Assignment: In the records below, find the line that contains "New Original Genuine" and the line that contains "nikon 18-105mm dx k3 2 nikon", then retype exactly those two lines and every line between them.

Input data:
== Segment start ==

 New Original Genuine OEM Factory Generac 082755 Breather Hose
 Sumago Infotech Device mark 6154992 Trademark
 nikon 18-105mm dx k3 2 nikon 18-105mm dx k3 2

== Segment end ==
== Segment start ==

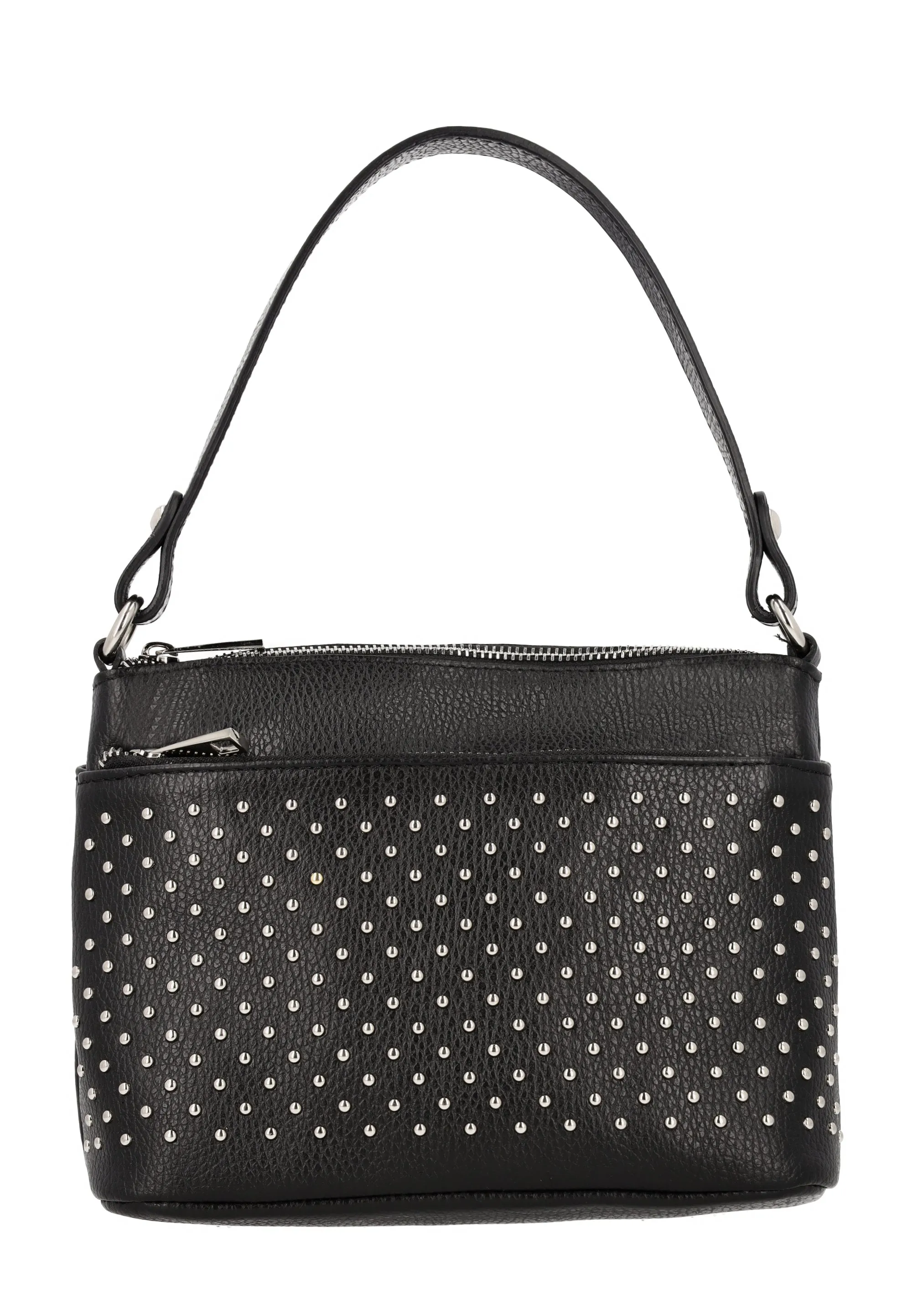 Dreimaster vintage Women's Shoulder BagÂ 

== Segment end ==

Completed exercise:
 New Original Genuine OEM Factory Generac 082755 Breather Hose
 Sumago Infotech Device mark 6154992 Trademark
 nikon 18-105mm dx k3 2 nikon 18-105mm dx k3 2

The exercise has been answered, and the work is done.